Naquela manhã, bem antes
que o delegado e seu aprendiz de feiticeiro fossem ter com o respeitado
papa-defuntos Alcebíades Trancoso, em sua Funerária Paz do Meu Amor, Celso
Teles apareceu na empresa com mais uma de suas surpresas fulminantes. Eram onze
da manhã quando ele falou para sua anjinha loira:
– Meu bem, você agora vai
ter que sair comigo. Tenho uma surpresinha para você. Não é grande coisa, mas
acho que você é até capaz de gostar. Vamos lá?
Larissa apanhou a pequena
bolsa e correu para o estacionamento, muito à frente de Celso, mostrando a
impetuosidade de uma criança que dispara na corrida para ganhar um brinquedo
novo. Gládis, que a tudo assistia, falou para Celso:
– Ai, jefito, cuidado com ela, pra ela não
cair. Ela vai desmaiar com certeza, é muita coisa pra ela aguentar, você sabe.
– E você já sabe o que é,
sua feiticeira?
– Ora, é claro que sei,
não é! Senti na hora que você ia abrir a boca, quando chegou.
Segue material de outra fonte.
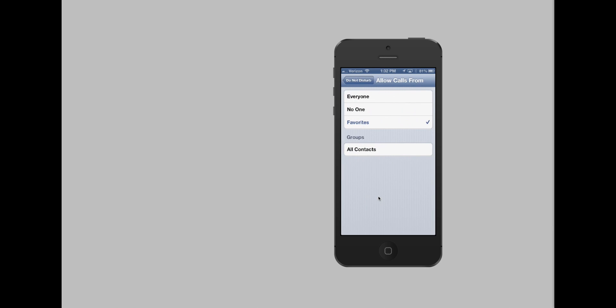I can set it up so that I get phone calls while it's on Do Not Disturb. So with this, I can set it up so that I only get phone calls from my favorites, or I can choose a group of contacts.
Mas vá devagar,
não diga de repente, deixe ela se acostumar, gostar do lugar, ficar com vontade
de ter uma coisa igual ou parecida, ter ela mesma a ideia de comprar algo
assim. Sabe, com a Lissinha não é uma boa ideia dar surpresas do jeito que você
adora. Não quando se trata de uma coisa tão grande e importante assim, que
significa quase que a vida para ela.
– Puxa, espanholita,
agora você me deixou meio em dúvida. O que eu faço, então?
– Agora vá em frente,
chefe, não tem mais como voltar atrás. Mas faça como eu lhe disse, diga que é
de um amigo ou cliente, que você quer que ela veja uma com bastante tempo para
andar por tudo. No caminho, já lá dentro, diga que é para ver se ela gostaria
de ter uma coisa assim. E deixe o resto vir naturalmente. Não fale de cara que
você já comprou e quer dar de presente para ela. Está errado. Deixe que ela
queira comprar. E que ela compre, com o dinheiro dela. Corrija o seu erro, erro
de homem apaixonado, cego dos dois olhos e da cabeça.
Celso encostou na parede,
meneou a cabeça e suspirou:
– Caramba, espanholita, o
que ia ser de mim – e do meu amor – se não fosse você? Sua bruxinha, você tem
toda a razão, toda razão deste mundo! Olhe só a barbeiragem que eu ia fazer!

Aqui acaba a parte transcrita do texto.